▶ _Assignment_
As you reproduce every line below, keep it exactly as written and leave out the images.

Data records
########

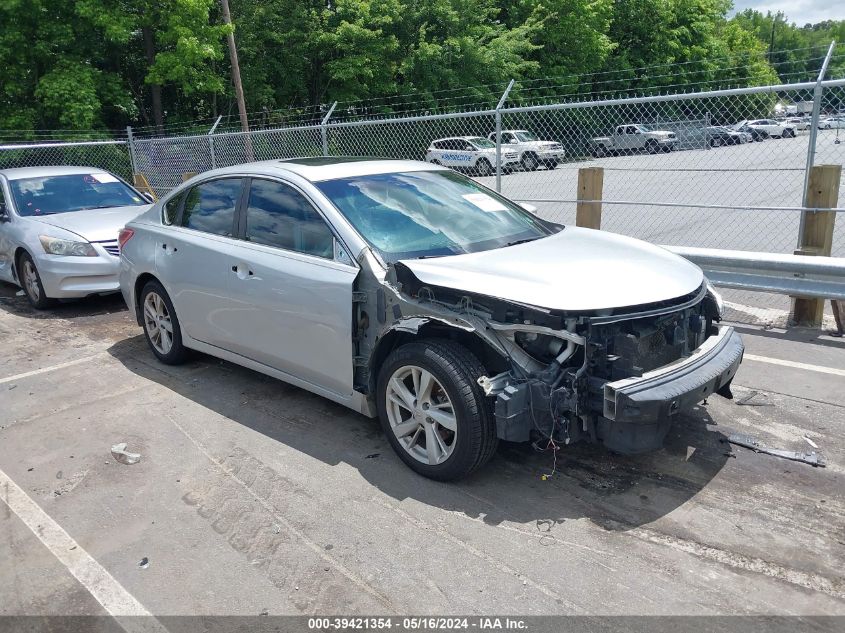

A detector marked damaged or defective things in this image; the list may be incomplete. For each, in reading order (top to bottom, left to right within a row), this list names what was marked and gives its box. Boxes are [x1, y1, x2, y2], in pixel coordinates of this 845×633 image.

front-end collision damage [352, 247, 740, 454]
damaged headlight area [478, 282, 740, 454]
crumpled bumper [596, 326, 740, 454]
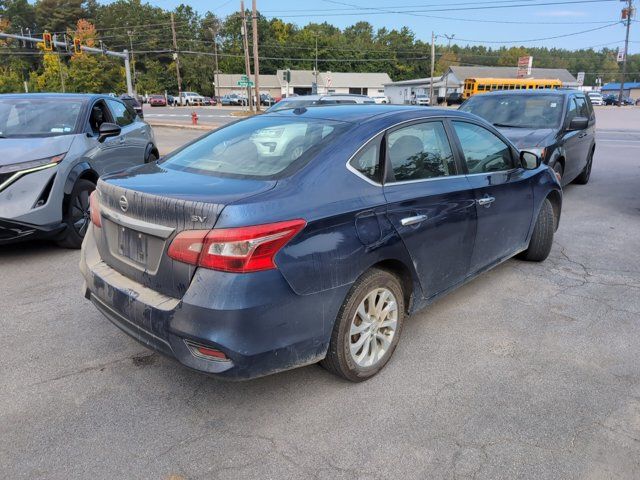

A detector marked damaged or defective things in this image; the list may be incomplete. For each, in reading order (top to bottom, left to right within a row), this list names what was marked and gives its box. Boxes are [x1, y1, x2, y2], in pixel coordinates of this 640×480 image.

cracked asphalt [1, 107, 640, 478]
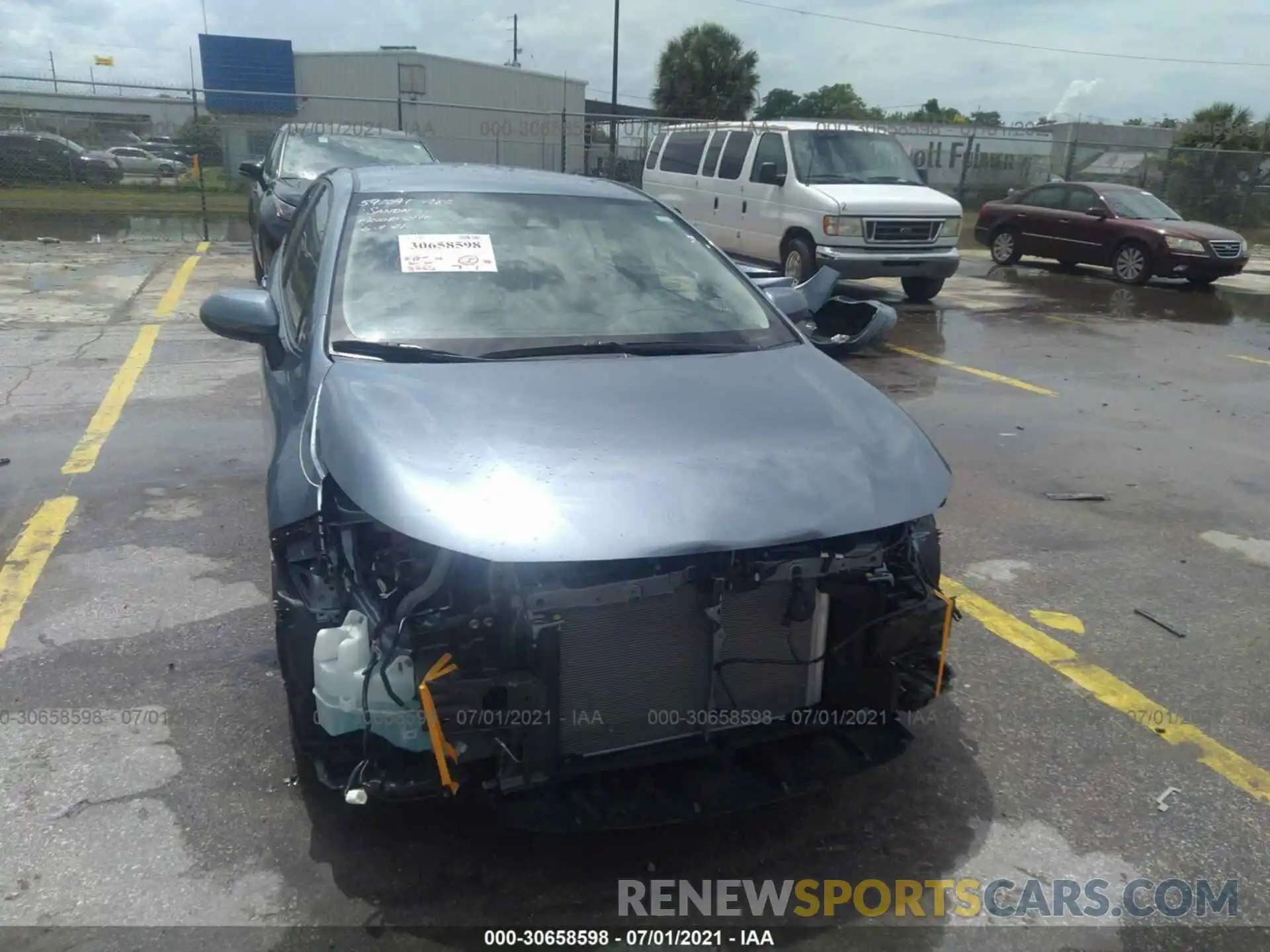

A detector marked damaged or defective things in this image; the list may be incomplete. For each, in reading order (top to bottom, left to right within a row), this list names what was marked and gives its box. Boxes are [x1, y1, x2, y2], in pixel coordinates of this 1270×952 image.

detached bumper piece on ground [741, 262, 899, 360]
damaged silver sedan [195, 163, 954, 827]
detached bumper piece on ground [275, 485, 954, 827]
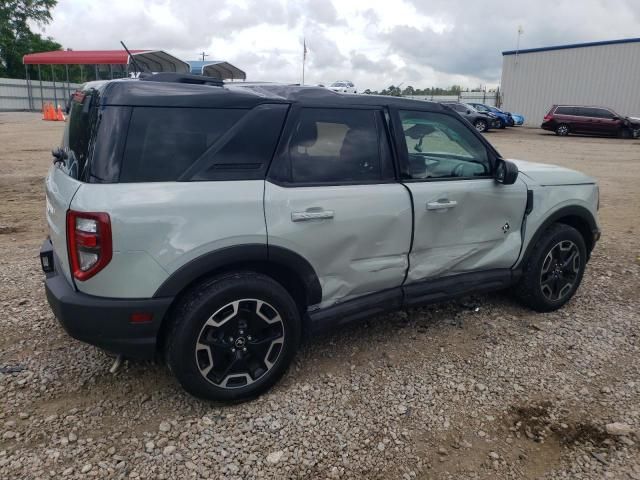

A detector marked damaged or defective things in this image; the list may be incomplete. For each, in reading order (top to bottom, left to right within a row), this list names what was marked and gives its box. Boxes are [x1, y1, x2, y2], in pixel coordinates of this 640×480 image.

damaged suv [41, 76, 600, 402]
dented door panel [264, 180, 410, 308]
dented door panel [408, 177, 528, 282]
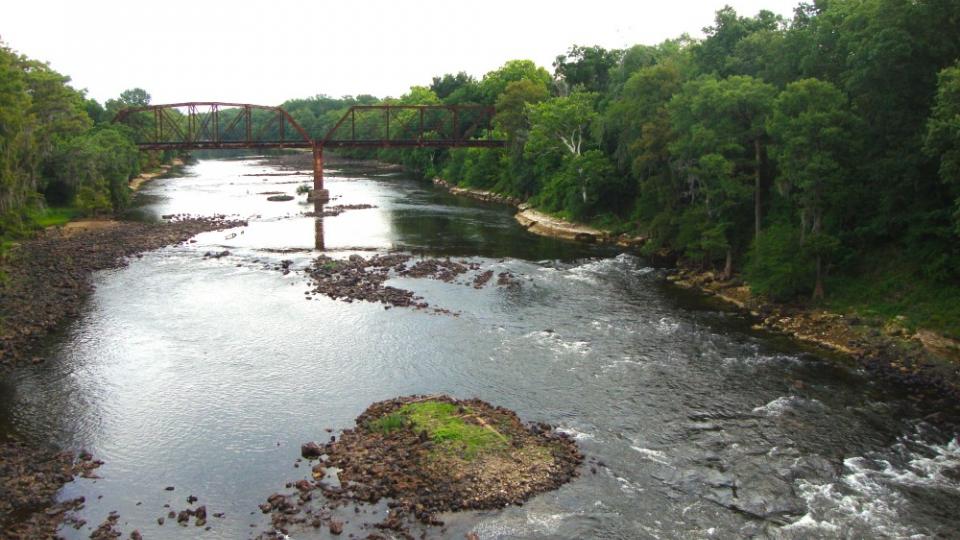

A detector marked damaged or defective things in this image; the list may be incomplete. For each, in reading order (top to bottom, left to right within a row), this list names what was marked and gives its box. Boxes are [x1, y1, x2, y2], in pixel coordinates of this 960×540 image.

rusty truss bridge [112, 101, 502, 200]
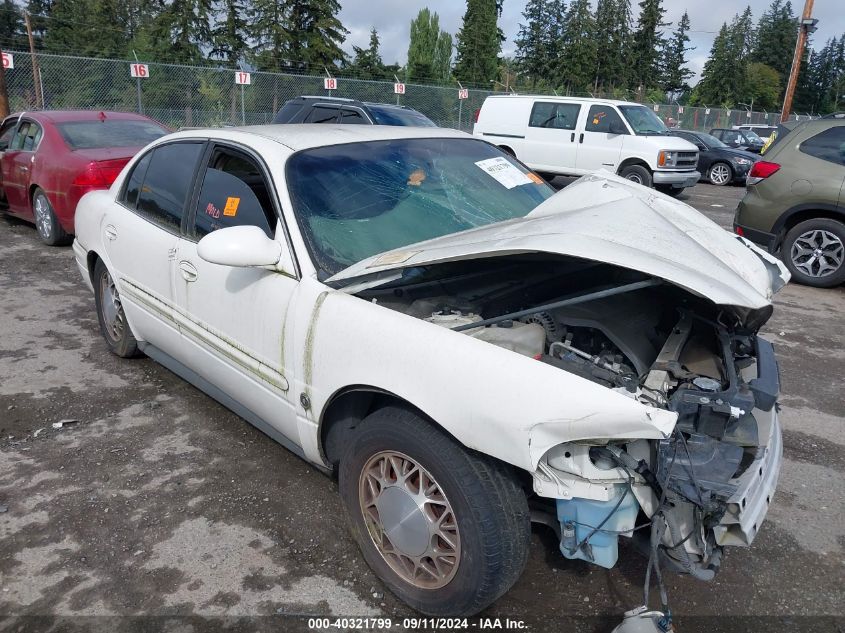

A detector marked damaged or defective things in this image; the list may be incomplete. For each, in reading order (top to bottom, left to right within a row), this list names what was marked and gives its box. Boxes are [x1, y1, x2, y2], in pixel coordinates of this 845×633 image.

cracked windshield [286, 138, 556, 276]
crumpled car hood [326, 170, 788, 308]
white damaged sedan [71, 126, 784, 616]
damaged front bumper area [532, 316, 780, 576]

########

▶ _Output of the exercise_
A detector marked damaged or defective things in this image; the list may be incomplete. For each, in reading order (top to bottom, left to right within a row), this list names what was marked and gives its box. Boxes are [x1, y1, x2, y2], in pixel coordinates of this 845×633 image.

front-end collision damage [352, 247, 740, 454]
damaged headlight area [478, 282, 740, 454]
crumpled bumper [596, 326, 740, 454]

A detector marked damaged or defective things in this image; the list may be incomplete. For each, in reading order (top to bottom, left to right within a row), this list names what was marked and gives its box. Boxes are [x1, y1, x2, y2], in pixel coordinates of this 640×480 image.

cracked asphalt [1, 107, 640, 478]

A detector marked damaged or defective things in this image; the list may be incomplete. For each, in reading order (top to bottom, left to right within a row), this list names what was marked and gives its box. Boxes are [x1, y1, x2, y2], in pixel coordinates of this 1270×952 image.

detached bumper piece on ground [741, 262, 899, 360]
damaged silver sedan [195, 163, 954, 827]
detached bumper piece on ground [275, 485, 954, 827]

A detector marked damaged or defective things in this image; the list may be incomplete. For each, in reading order (top to bottom, left to right within a row), this list names what was marked and gives its box. Boxes are [x1, y1, x2, y2], in pixel coordinates of this 640×480 image.

damaged suv [41, 76, 600, 402]
dented door panel [264, 180, 410, 308]
dented door panel [408, 177, 528, 282]

A detector marked damaged or defective things in this image; the list may be incomplete. For each, in reading order (top to bottom, left to right within a row), this list names what was marked and gives its box. Boxes are [x1, y1, x2, y2], in pixel coordinates of this 960×540 image.

rusty truss bridge [112, 101, 502, 200]

A detector marked damaged or defective things in this image; the list may be incomplete. For each, in reading order (top to bottom, left to right within a row), this list names what was marked and gives its box. Boxes are [x1, y1, x2, y2], in pixel coordinates of this 845×633 image.

cracked windshield [286, 138, 556, 276]
crumpled car hood [326, 170, 788, 308]
white damaged sedan [71, 126, 784, 616]
damaged front bumper area [532, 316, 780, 576]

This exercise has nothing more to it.